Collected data
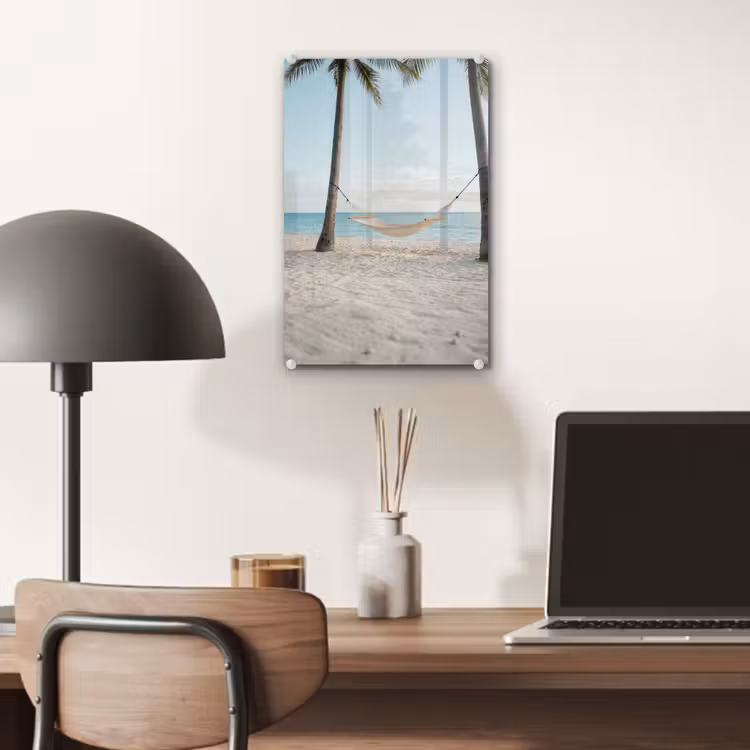 Glas schilderij - Hangmat - Strand - Wit — 7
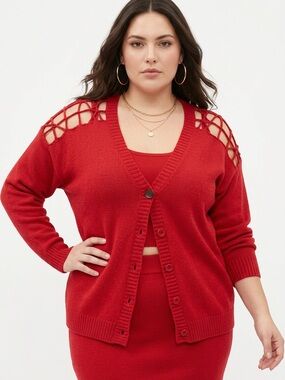 NAMELESS | Red Caged Back Button Front Cardigan Women’s Size Large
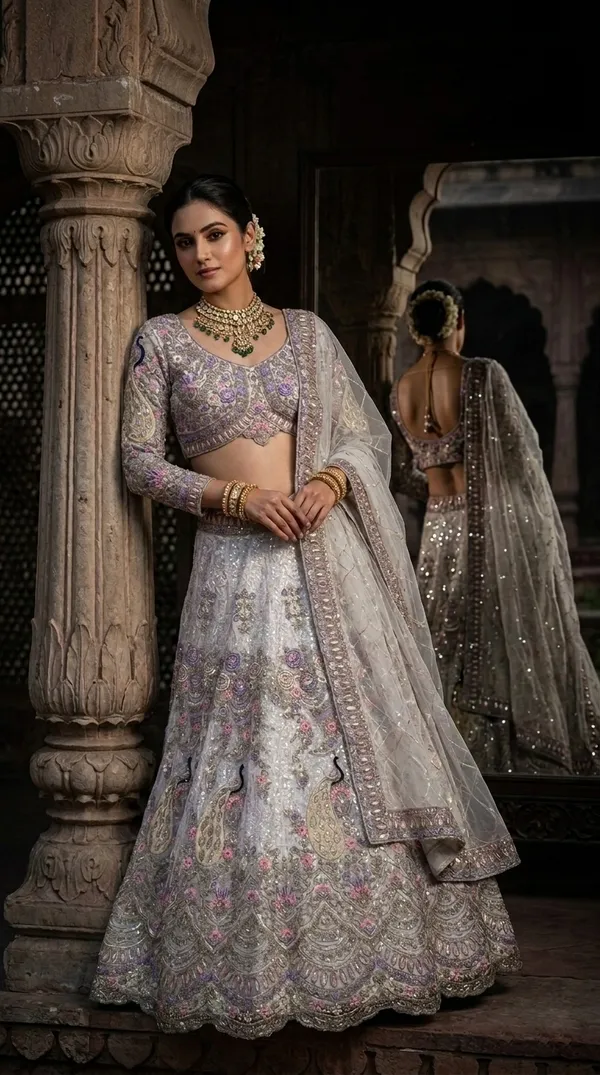 Grey_Embroidered_Lehenga_Choli_Set_For_Women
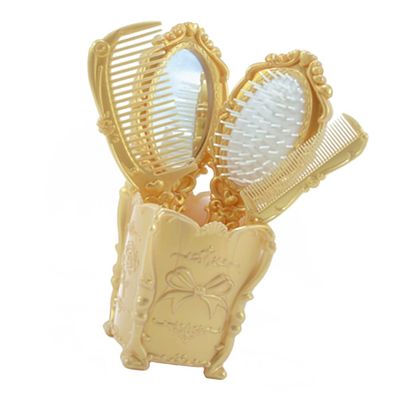 Mobestech Handheld Mirror Vintage Handheld Mirror Comb Set, 5pcs Vanity Makeup Mirror Hair Comb Set Detangling Hair Brush Rat Tail Comb with Comb Holder (Golden) Vintage Mirror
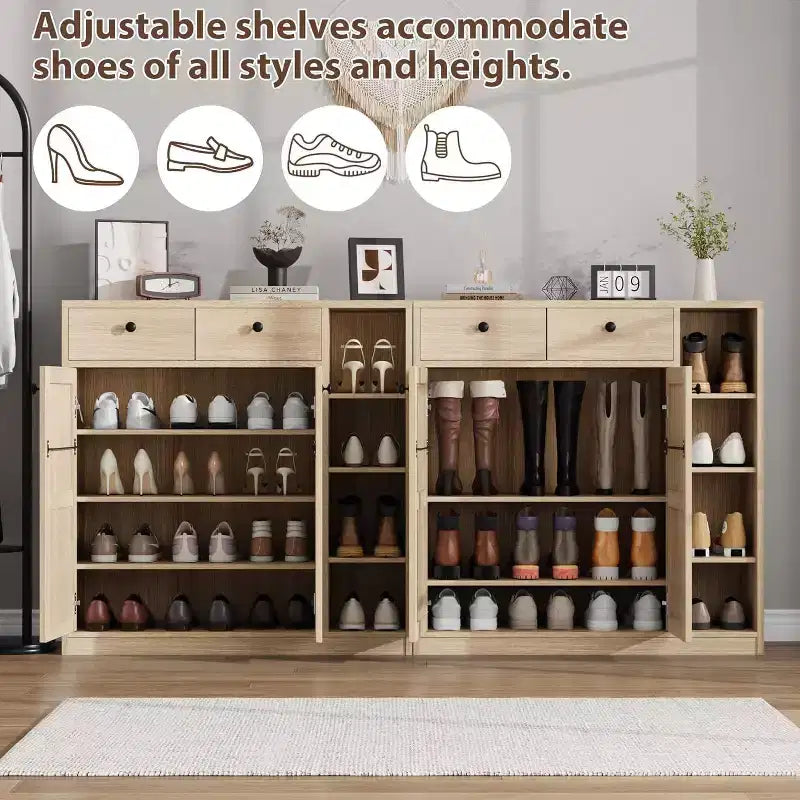 Acekool Shoe Storage Cabinet - Modern Organizer with Doors, Adjustable Shelves for Entryway, Holds 18-24 Pairs, Natural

**Required work:** Retype the line containing "NAMELESS | Red Caged Back" and each line after it through the last line of the entries above, exactly, with no pictures and nothing else.

**Written response:**
 NAMELESS | Red Caged Back Button Front Cardigan Women’s Size Large
 Grey_Embroidered_Lehenga_Choli_Set_For_Women
 Mobestech Handheld Mirror Vintage Handheld Mirror Comb Set, 5pcs Vanity Makeup Mirror Hair Comb Set Detangling Hair Brush Rat Tail Comb with Comb Holder (Golden) Vintage Mirror
 Acekool Shoe Storage Cabinet - Modern Organizer with Doors, Adjustable Shelves for Entryway, Holds 18-24 Pairs, Natural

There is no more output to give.